Why? I’m not really sure. But a big problem for a modern reader is the indirect path of the story (it’s far from linear), and Milton’s sheer ambition, which seemed to drive him to include in the poem practically every bit of human knowledge he possessed.
“Paradise Lost” is constantly digressive and almost absurdly allusive. No action is described without comparing it to some other mythical or mythohistorical parallel. The phrase “as when” occurs again and again in the text, each time calling up a complicated metaphor:
As when the Tartar from his Russian foe,
By Astracan, over the snowy plains,
Retires; or Bactrin Sophi, from the horns
Of Turkish crescent, leaves all waste beyond
The realm of Aladule, in his retreat
To Tauris or Casbeen: So these, the late
Heaven-banished host, left desert utmost Hell
Many a dark league, reduced in careful watch
Round their metropolis
Oof. Note that in this sentence, the comparison to the Tartar and the Bactrin Sophi (the who?) does nothing to help the reader see or comprehend the actions of the fallen angels — it’s really just a flung-away allusion, a geohistorical name check.
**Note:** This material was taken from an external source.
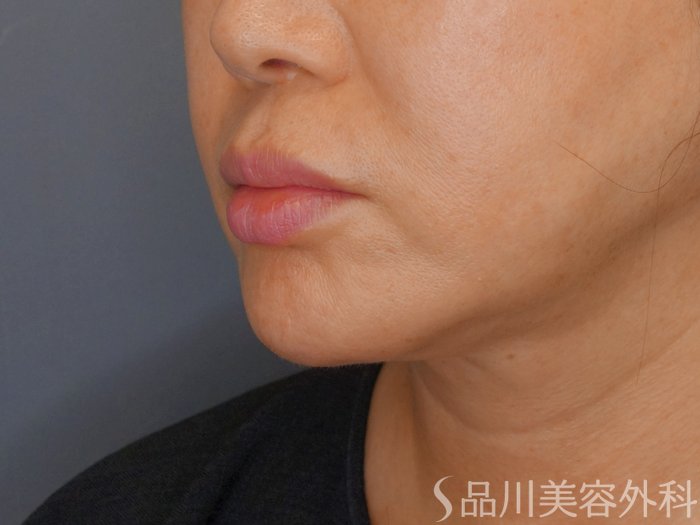 症例NO.70948のBEFORE写真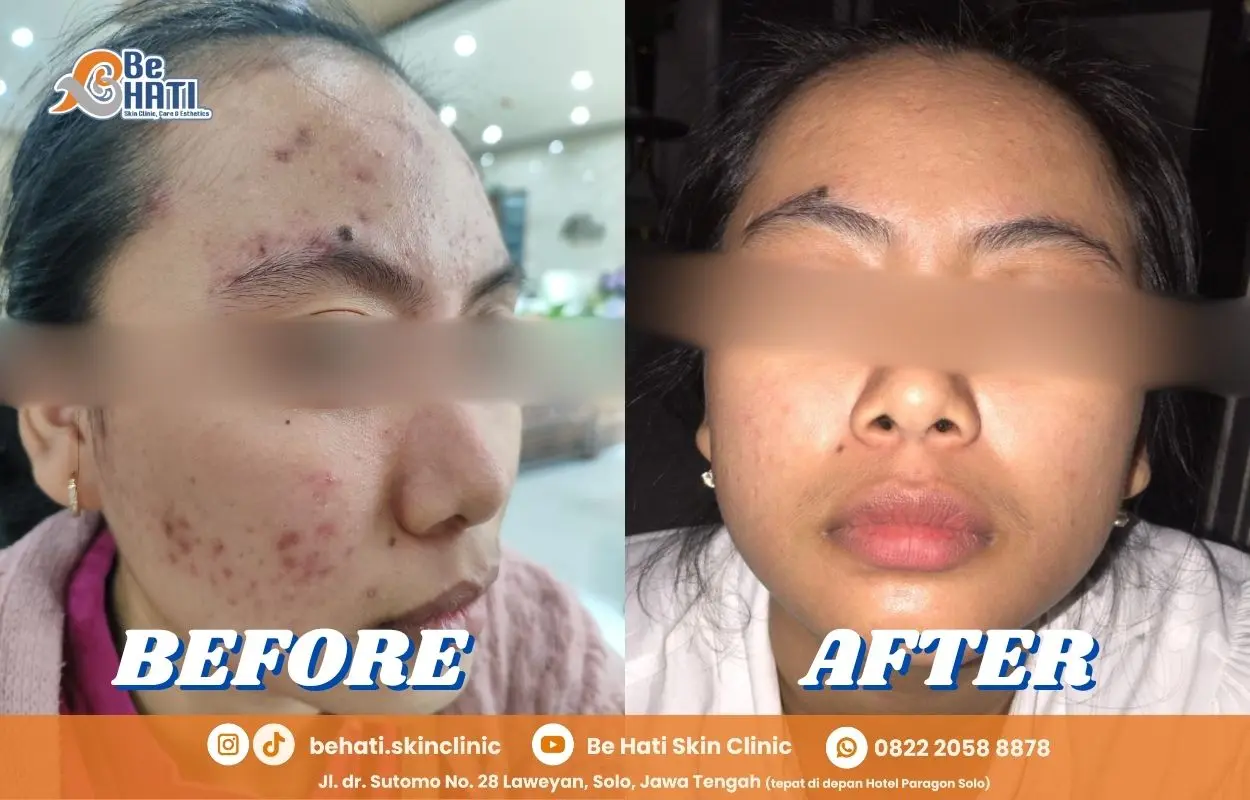 Jerawat & bopeng sembuh di Be Hati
He may have felt the need for so many extra doses of reference because “Paradise Lost,” unlike the earlier epics, is long on background explication but short on actual event. The plot is thin. It would make up barely a book or two of “The Odyssey” or “The Aeneid.”
And then there is the characterization. Everyone knows that Satan is the most interesting character in the poem. That’s a given. What isn’t said is that all the other characters are eye-wateringly dull. Adam is a simp. Eve is a dope. Michael the Angel is a bore. “The Son” is self-satisfied. God himself is essentially a set of stage directions.
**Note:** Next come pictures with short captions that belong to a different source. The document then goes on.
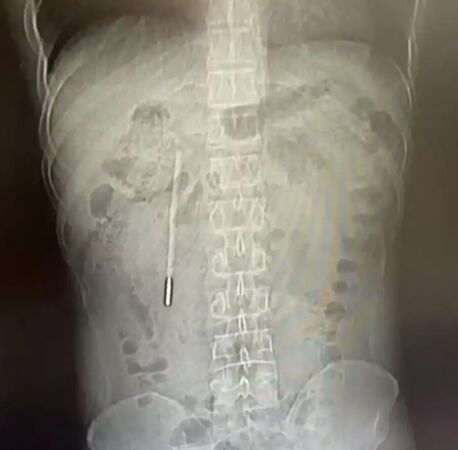 ▲▼陸男12歲吞體溫計　32歲「消化不順」才想起。（圖／翻攝微博）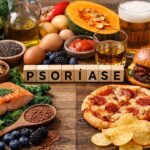 Alimentos que podem piorar a psoríase — e os que podem ajudar a aliviar os sintomas. Ilustração: Condutta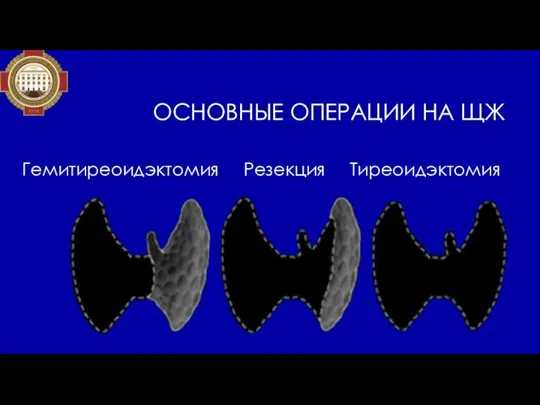 ОСНОВНЫЕ ОПЕРАЦИИ НА ЩЖ Гемитиреоидэктомия Резекция Тиреоидэктомия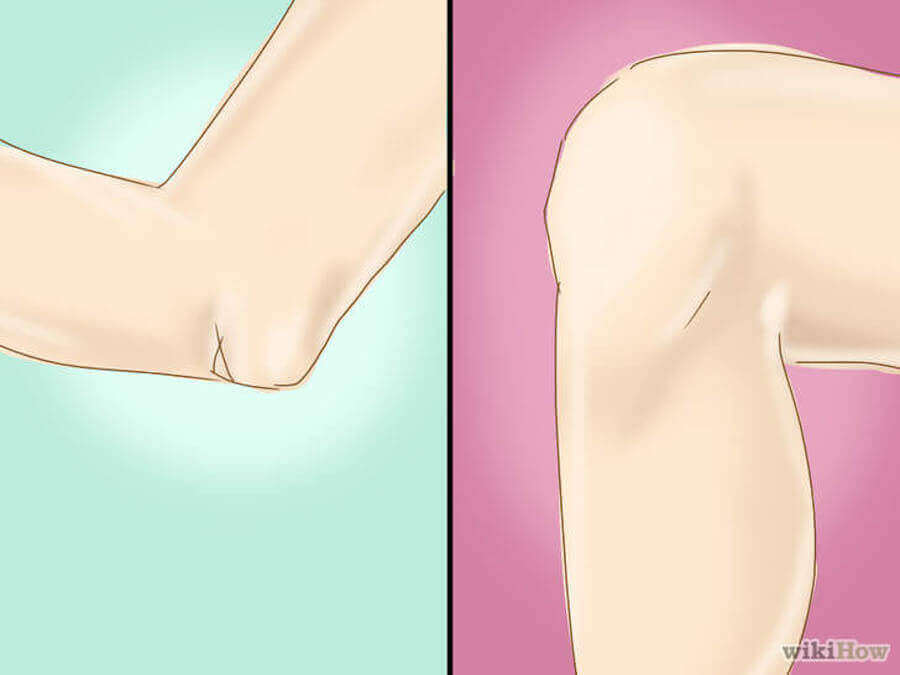 What Is Tendinitis and How Do You Relieve It?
I wonder if my response to the poem would have been more positive had I been in a class taught by Orlando Reade. He is passionate about his subject and he seems to have inspired his imprisoned, modern-day American students to think deeply about the text of what must be said to be a thorny and very long poem. Impressive! For me, I was more interested in the reverberations of “Paradise Lost” than I was in the text itself.
In the end, I suppose my failure to appreciate Milton is my fault, not his.
But I can’t help but assign him a little of the blame, too.